* Work required:
Output exactly, in the material below, the lines from the one with "Poster One Piece" through the one with "Building Photo - 1413 Colmar Dr". Omit all pictures.

* Dataset content:
= = =
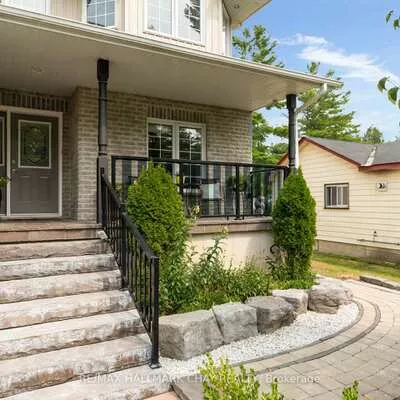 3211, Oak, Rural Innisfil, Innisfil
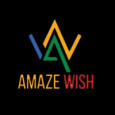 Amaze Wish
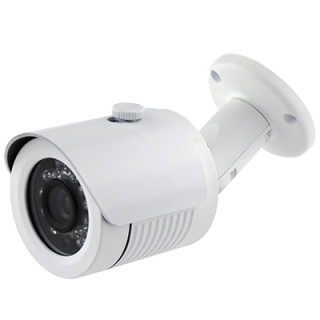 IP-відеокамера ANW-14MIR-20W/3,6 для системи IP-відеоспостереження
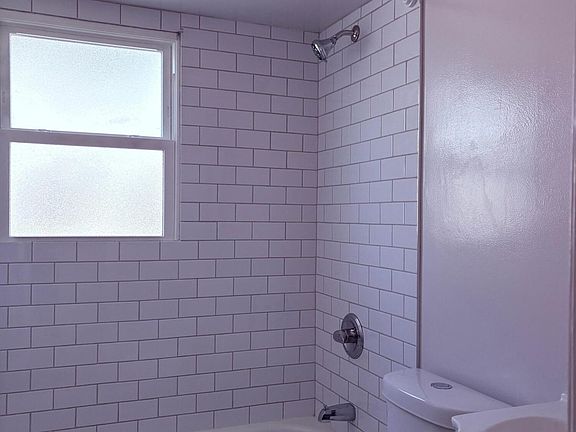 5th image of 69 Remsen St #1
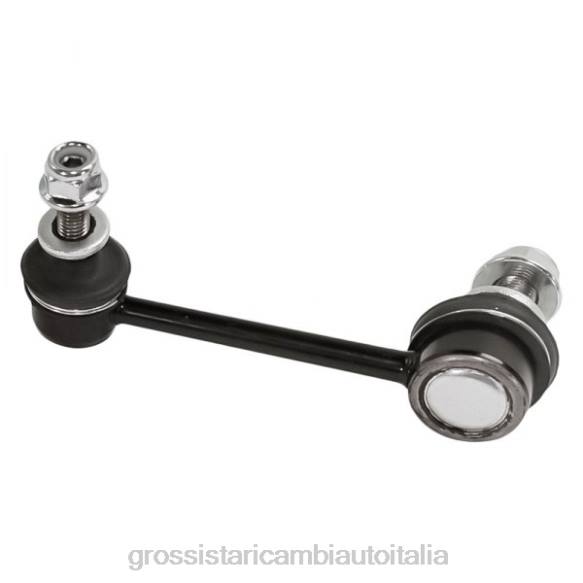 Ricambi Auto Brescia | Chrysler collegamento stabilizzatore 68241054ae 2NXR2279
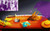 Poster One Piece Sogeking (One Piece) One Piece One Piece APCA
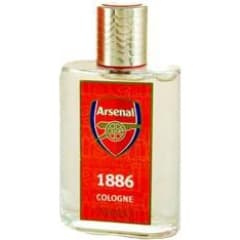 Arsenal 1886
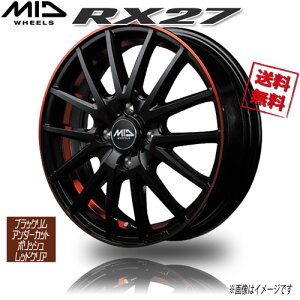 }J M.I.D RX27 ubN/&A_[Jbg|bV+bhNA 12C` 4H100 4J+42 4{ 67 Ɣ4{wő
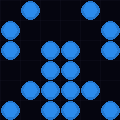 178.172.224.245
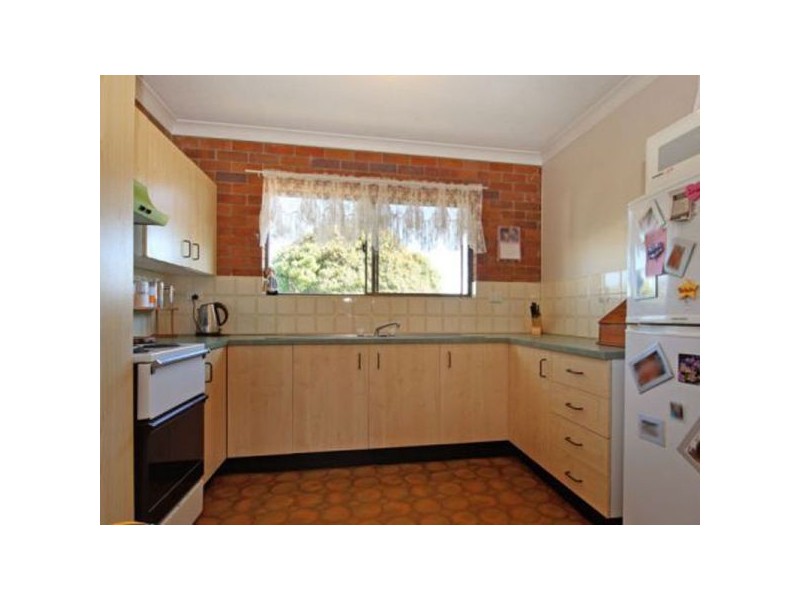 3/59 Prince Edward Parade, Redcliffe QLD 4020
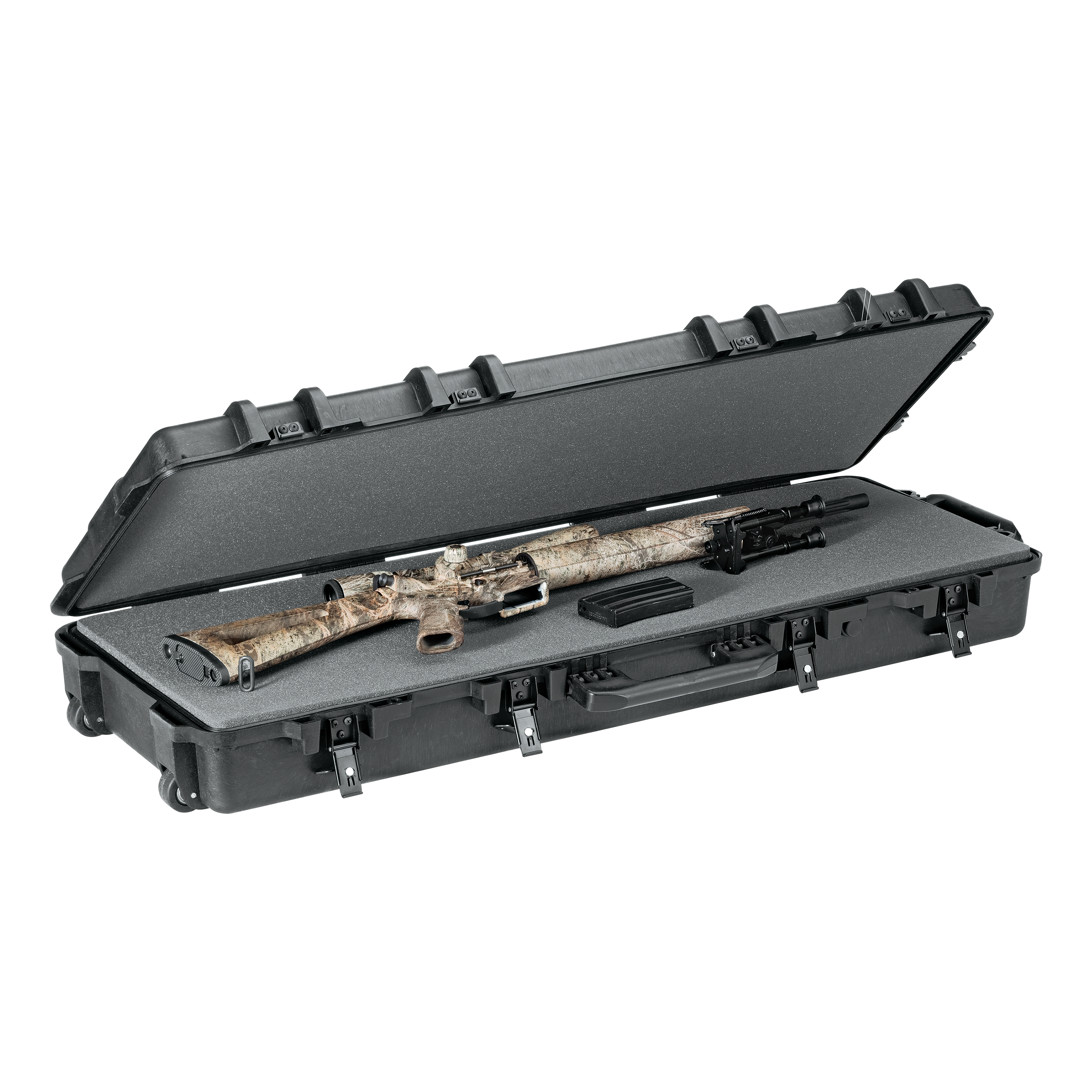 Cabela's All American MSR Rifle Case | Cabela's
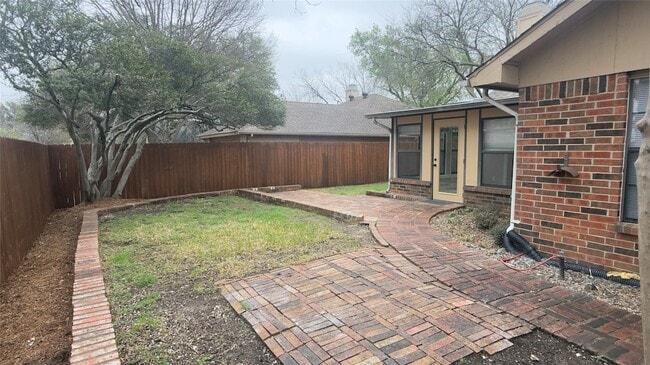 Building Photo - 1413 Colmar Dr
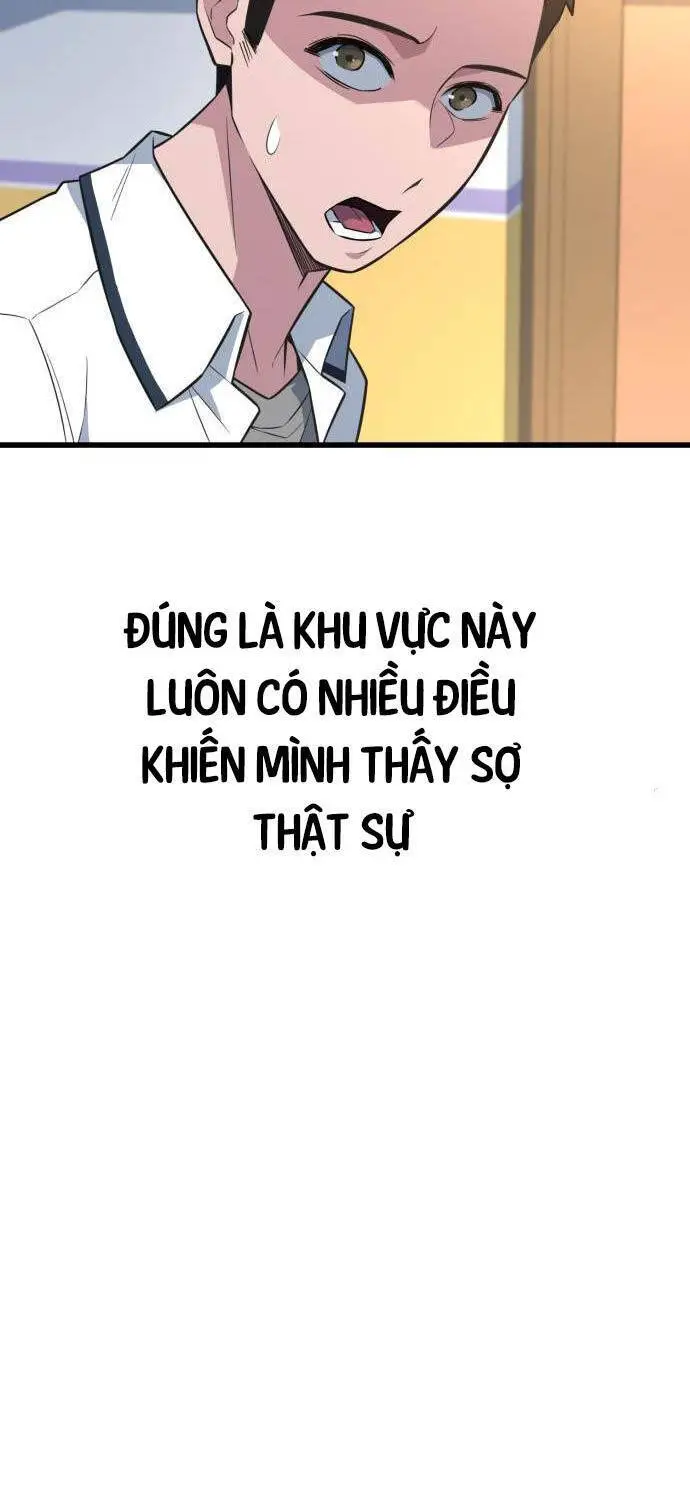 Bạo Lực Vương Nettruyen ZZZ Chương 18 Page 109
= = =
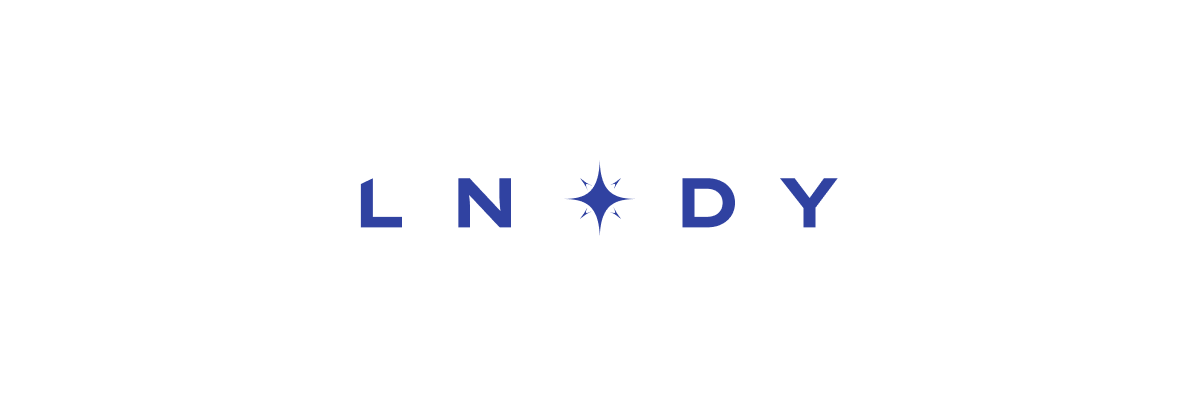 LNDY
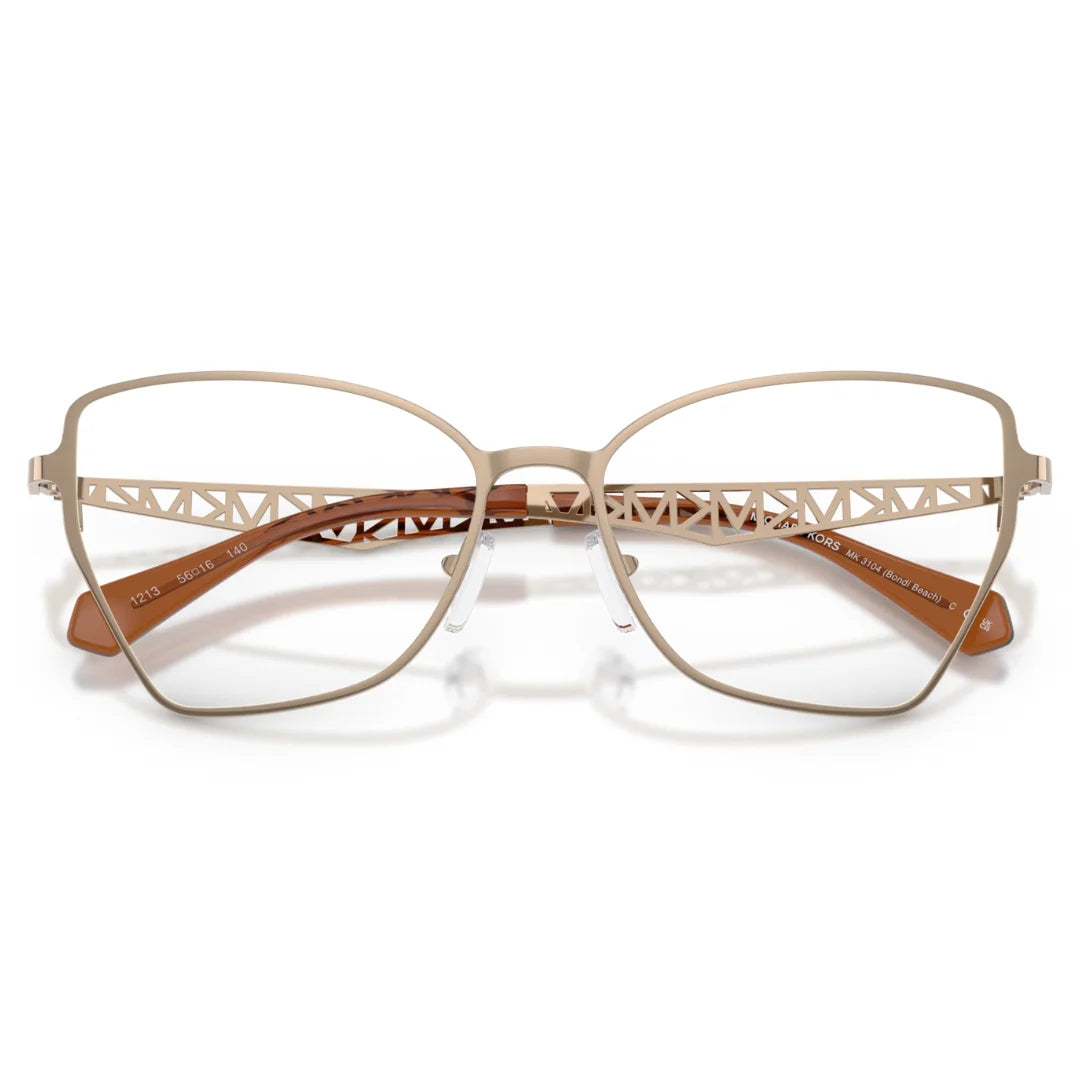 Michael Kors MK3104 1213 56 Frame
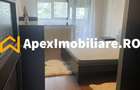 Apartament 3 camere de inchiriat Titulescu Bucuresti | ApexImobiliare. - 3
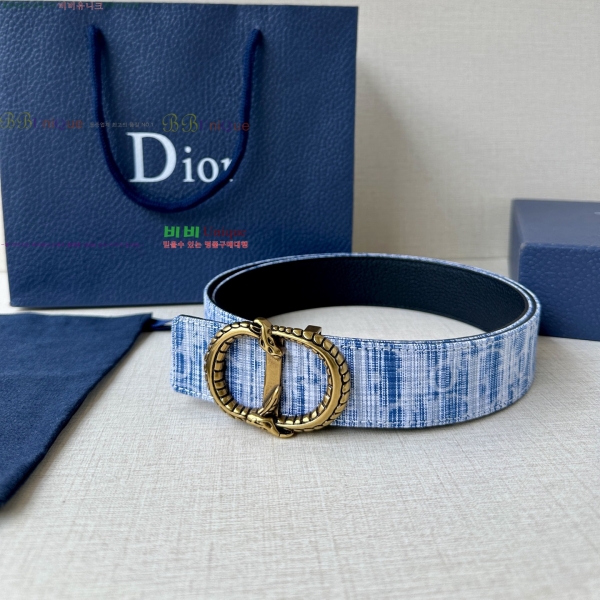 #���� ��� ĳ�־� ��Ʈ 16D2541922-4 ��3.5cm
= = =
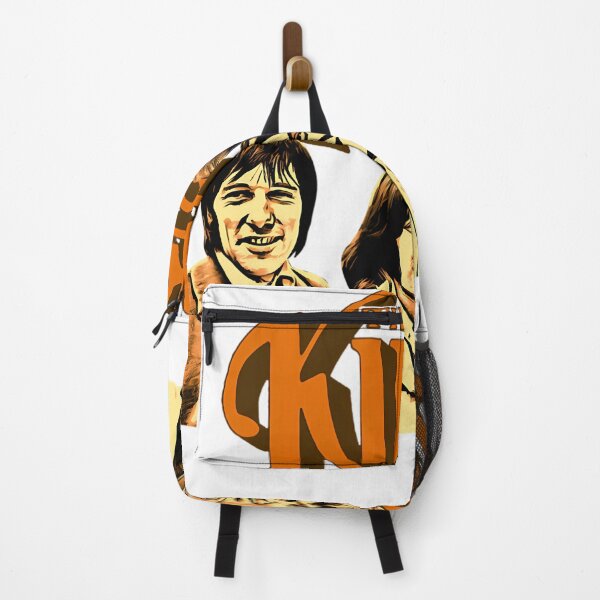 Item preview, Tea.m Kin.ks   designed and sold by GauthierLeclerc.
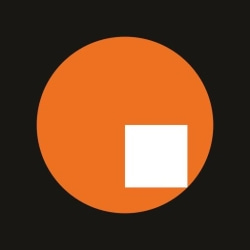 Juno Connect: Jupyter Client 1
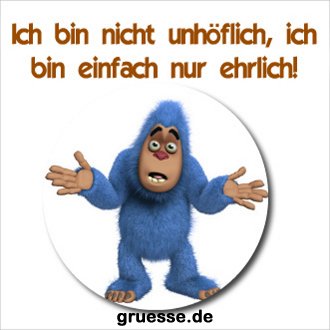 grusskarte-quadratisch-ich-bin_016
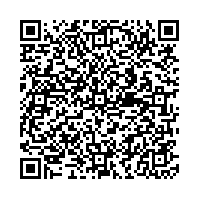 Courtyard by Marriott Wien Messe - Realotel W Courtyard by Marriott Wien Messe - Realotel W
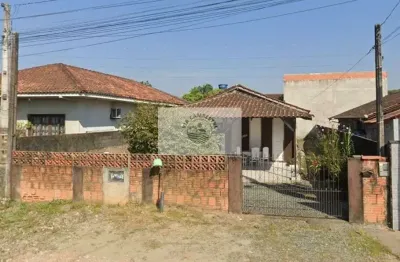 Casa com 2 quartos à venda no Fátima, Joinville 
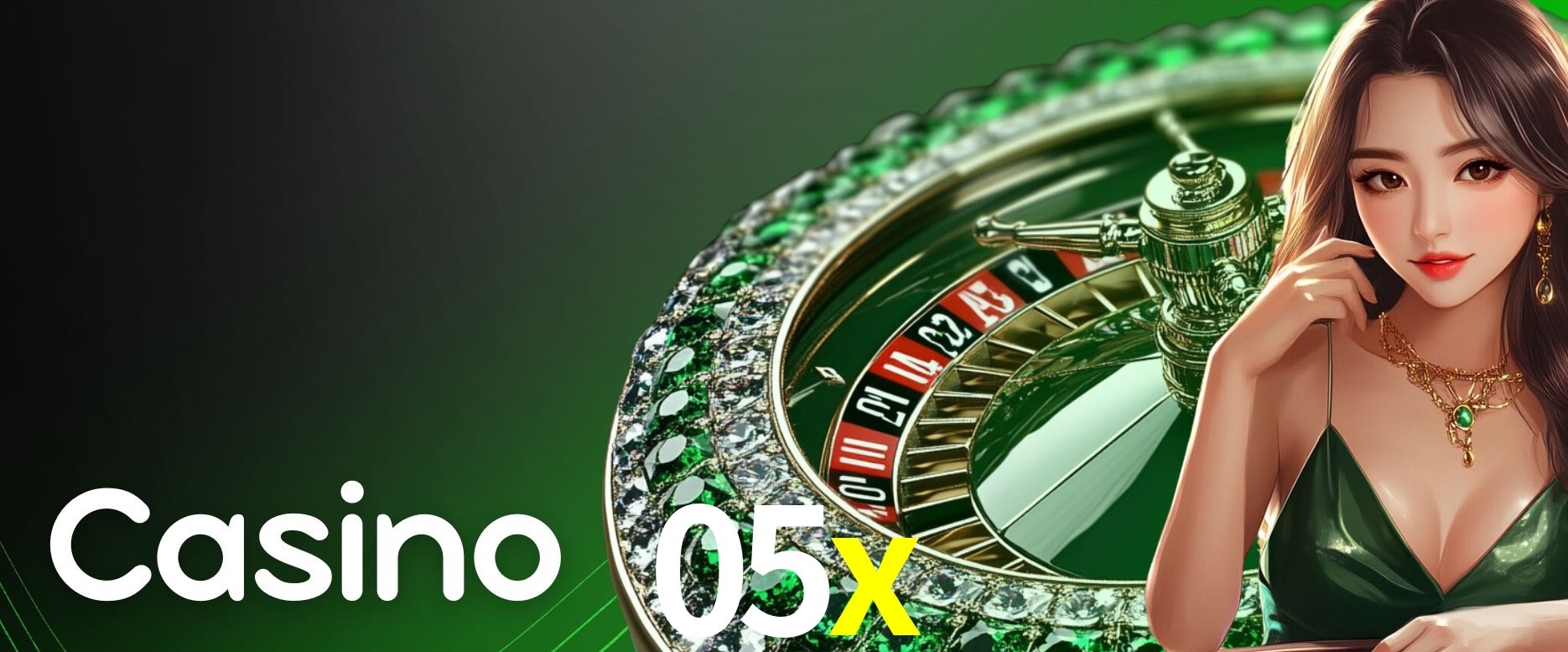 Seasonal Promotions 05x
= = =
* Output of the task:
 Poster One Piece Sogeking (One Piece) One Piece One Piece APCA
 Arsenal 1886
 }J M.I.D RX27 ubN/&A_[Jbg|bV+bhNA 12C` 4H100 4J+42 4{ 67 Ɣ4{wő
 178.172.224.245
 3/59 Prince Edward Parade, Redcliffe QLD 4020
 Cabela's All American MSR Rifle Case | Cabela's
 Building Photo - 1413 Colmar Dr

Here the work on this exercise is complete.